Caregiving: Roles and Tasks

Author: Christina Bach, MBE, LCSW, OSW-C
Last Reviewed: November 15, 2022

As a caregiver, you can be expected to help with the physical, practical, and emotional/spiritual needs of a loved one while managing your own life. This article covers what care givers may be asked to do, how to manage these tasks, roles, and setting limits. The caregiver role is fluid. This means as your loved one's needs change, so may your role. It is important to be flexible and to talk with your loved one about their care needs as they change.

Physical Caregiving Needs

While coping with an illness, your loved one may may need physical, medically-focused care.. Many patients are now sent home with medical needs that, not long ago, would have been managed in a hospital. These needs can include:

  • Tube feeding.
  • Chemotherapy.
  • Pain management.
  • Wound care.
  • Help with walking, repositioning, and range of motion exercises.
  • Taking medication.
  • Bathing, dressing, and eating.
  • Staying safe.

There may be tasks you are uncomfortable with providing. It is important to voice your concerns about tasks that you feel you can’t do. For example, you have a bad back, but your loved one needs help moving. This is not a safe nor realistic role for you. The health care team can help you make other plans and find sources of assistance. It is important to voice your own limitations to both the health care team and your loved one as care is being put into place. Talk about your needs, fears, and concerns so that safe care can be set up.

It may feel like you are being asked to become a nurse for your loved one. This can be a scary reality, but you are not alone. These services are always done with and under the supervision of both the healthcare team and a skilled home care agency. Caregivers can be taught (and re-taught) how give their loved one the care they need, how to troubleshoot, as well as when to call for help. Homecare agencies are on call 24 hours a day to provide you with guidance and support. You do not have to do it all on your own. Skilled nursing care, physical therapy, infusion, and wound care services are often covered by insurance. See our article on "mobilizing help" for more information on home care services.

Practical Caregiving Needs

Practical care needs are helping your loved one in the management of their daily life. This can include:

  • Paying bills and managing finances.
  • Child care, elder care, and pet care.
  • Helping to apply for FMLA or disability.
  • Shopping and preparing food.
  • Cleaning the house.
  • Transportation to appointments, church, and other social activities.
  • Managing insurance coverage and questions.
  • Helping with medical decision making.

Your loved one may need a financial power of attorney. Talk to an attorney for the legal paperwork that protects both you and your loved one. It is important to talk with your loved one about their financial situation, where supplies are located when bills are due, and how you both can work together to manage their personal finances.

You may also want to keep a separate folder for managing financial documents, such as disability applications, insurance paperwork, and medical bills. Talk with your loved one about where they keep important documents including their will, living will, life insurance policies, property deeds, and car titles. If your loved one pays bills online, you may want to inventory user names and passwords as well as talk to them about if you can access these accounts on their behalf. A financial power of attorney helps with this too.

As a caregiver, you may attend medical appointments with your loved one. In this role, you need to be present, take notes, ask questions, and help your loved one make decisions with the care team. Your loved one may want to appoint you as medical power of attorney or health care proxy so that in the event that they are unable to make decisions, you could make them on their behalf. Your social worker can help you with getting these documents.

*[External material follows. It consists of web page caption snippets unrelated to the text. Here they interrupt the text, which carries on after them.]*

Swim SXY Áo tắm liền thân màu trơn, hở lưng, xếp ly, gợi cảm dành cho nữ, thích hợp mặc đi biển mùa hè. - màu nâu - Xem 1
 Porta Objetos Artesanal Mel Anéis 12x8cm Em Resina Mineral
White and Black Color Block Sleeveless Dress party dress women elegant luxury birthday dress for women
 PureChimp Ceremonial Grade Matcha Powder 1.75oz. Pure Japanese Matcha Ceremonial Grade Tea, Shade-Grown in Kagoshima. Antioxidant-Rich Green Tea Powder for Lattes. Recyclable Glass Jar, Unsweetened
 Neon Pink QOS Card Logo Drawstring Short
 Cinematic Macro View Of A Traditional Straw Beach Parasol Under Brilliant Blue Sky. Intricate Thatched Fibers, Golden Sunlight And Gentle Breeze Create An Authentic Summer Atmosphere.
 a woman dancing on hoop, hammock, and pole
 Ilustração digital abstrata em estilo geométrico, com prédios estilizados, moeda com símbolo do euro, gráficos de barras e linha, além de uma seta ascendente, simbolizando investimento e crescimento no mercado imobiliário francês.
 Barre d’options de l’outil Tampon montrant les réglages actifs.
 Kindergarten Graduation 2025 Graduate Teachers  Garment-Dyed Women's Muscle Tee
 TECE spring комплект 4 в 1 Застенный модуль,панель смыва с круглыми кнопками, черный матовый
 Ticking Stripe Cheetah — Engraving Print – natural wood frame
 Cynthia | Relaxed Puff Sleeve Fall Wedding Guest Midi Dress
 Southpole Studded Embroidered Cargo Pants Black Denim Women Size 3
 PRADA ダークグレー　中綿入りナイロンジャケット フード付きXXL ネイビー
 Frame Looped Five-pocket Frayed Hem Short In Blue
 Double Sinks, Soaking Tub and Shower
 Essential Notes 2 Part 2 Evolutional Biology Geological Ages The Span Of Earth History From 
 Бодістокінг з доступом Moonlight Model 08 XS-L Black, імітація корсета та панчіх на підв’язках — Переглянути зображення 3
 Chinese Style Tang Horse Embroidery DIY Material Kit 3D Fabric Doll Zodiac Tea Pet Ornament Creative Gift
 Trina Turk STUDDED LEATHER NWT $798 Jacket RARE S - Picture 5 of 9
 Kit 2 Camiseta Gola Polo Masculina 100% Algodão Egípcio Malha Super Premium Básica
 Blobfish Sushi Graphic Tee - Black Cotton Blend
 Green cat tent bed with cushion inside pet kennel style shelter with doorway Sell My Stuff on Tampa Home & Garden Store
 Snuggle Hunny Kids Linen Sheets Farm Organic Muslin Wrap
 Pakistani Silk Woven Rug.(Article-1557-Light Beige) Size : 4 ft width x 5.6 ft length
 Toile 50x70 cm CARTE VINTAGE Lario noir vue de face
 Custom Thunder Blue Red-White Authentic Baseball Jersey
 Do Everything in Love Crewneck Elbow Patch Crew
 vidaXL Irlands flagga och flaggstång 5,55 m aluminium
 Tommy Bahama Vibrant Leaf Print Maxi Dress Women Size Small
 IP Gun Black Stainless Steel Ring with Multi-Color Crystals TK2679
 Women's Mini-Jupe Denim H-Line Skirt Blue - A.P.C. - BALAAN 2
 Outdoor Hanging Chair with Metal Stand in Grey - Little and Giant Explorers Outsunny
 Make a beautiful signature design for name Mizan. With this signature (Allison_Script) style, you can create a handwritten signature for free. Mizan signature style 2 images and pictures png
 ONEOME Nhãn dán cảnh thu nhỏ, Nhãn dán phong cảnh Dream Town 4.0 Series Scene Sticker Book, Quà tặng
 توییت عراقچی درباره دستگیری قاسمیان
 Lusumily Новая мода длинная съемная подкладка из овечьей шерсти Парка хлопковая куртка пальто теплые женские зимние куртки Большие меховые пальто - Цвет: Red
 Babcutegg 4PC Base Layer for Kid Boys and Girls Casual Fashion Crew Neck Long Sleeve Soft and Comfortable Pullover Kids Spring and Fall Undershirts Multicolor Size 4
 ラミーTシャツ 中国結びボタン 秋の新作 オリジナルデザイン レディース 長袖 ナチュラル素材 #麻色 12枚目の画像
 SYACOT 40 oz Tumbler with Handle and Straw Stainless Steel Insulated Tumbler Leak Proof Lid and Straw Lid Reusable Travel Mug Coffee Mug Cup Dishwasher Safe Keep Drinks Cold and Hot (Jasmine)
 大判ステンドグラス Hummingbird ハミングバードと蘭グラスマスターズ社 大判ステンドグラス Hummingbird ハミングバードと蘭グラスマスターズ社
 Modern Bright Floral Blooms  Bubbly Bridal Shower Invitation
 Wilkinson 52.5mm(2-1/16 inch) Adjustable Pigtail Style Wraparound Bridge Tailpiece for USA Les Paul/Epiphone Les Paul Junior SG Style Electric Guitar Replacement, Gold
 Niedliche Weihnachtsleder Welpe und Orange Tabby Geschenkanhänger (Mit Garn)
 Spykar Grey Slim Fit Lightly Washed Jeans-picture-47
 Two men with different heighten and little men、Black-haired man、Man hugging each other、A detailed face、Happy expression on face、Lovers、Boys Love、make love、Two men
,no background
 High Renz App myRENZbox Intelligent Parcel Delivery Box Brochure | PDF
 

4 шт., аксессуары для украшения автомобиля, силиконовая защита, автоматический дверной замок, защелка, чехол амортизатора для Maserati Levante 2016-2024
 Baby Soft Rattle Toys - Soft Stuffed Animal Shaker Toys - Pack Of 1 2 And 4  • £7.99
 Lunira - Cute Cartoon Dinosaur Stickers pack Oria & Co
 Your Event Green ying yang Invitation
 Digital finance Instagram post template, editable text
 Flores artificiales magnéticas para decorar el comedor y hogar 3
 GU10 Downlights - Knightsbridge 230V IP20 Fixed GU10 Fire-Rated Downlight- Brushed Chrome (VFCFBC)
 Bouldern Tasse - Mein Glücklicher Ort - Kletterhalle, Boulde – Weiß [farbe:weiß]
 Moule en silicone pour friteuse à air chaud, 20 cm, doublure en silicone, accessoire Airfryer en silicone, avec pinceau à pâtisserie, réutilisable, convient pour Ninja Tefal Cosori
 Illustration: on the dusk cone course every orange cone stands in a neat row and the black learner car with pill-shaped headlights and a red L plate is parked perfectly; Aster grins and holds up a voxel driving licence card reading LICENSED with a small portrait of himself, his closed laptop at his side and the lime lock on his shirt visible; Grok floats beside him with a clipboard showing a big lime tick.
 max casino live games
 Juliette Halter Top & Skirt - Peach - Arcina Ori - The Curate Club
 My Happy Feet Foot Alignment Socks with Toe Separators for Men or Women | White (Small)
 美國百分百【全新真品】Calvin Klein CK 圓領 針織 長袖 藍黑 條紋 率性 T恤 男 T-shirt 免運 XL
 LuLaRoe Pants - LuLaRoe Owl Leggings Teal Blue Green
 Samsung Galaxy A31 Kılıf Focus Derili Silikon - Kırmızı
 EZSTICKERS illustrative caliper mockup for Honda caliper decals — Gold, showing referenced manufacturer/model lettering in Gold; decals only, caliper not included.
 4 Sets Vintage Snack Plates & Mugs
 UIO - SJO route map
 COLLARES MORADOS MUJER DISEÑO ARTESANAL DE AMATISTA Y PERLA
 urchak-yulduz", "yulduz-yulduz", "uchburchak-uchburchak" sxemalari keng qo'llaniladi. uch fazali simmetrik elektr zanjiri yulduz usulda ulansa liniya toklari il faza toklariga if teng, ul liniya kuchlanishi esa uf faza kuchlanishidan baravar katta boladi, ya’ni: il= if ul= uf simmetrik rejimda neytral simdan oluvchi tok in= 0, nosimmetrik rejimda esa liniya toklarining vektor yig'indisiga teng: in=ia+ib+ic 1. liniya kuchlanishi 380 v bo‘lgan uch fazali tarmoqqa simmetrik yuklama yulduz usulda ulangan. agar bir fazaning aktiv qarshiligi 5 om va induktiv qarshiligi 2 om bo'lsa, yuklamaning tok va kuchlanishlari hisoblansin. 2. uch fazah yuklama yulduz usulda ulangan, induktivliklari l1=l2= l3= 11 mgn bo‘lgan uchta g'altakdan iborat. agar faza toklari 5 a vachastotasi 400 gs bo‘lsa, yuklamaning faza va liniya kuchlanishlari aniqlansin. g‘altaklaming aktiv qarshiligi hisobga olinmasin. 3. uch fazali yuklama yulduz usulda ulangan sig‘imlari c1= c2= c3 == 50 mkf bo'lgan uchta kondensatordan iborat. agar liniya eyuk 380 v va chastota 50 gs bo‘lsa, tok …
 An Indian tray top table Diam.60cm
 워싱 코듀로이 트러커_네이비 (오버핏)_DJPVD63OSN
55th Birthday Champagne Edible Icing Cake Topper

It is important for you to stay organized. Start a binder or accordion file to keep all the related paperwork. Keeping all paperwork necessary for caregiving in one place is helpful and can help you manage the stress of managing prescriptions, schedules, and legal documents.

Emotional Caregiving Needs

When diagnosed with cancer, your loved one is riding a roller coaster of emotions and you are along for that ride. Your loved one's feelings may change quickly and often. Given your role as caregiver, you may be the one who hears the anger, dries the tears, laughs at a good joke, and hopes with them. All of these emotions can happen in a very short period of time, making it hard for the caregiver to know how to best support your loved one. At the same time, you need to support your own emotional needs.

Communication is key in supporting each other. It is important that you share with your loved one your own feelings and emotions while continuing to be caring and supportive. The rewards of providing this emotional support to your loved one should not be ignored. You are with them on this journey. You are committed to them. You improve their quality of life. You are essential to their physical and emotional well-being. It is important to explore options for social, emotional, and spiritual support for both you and your loved one. It bears repeating; you do not have to do this alone. It is ok to ask for help.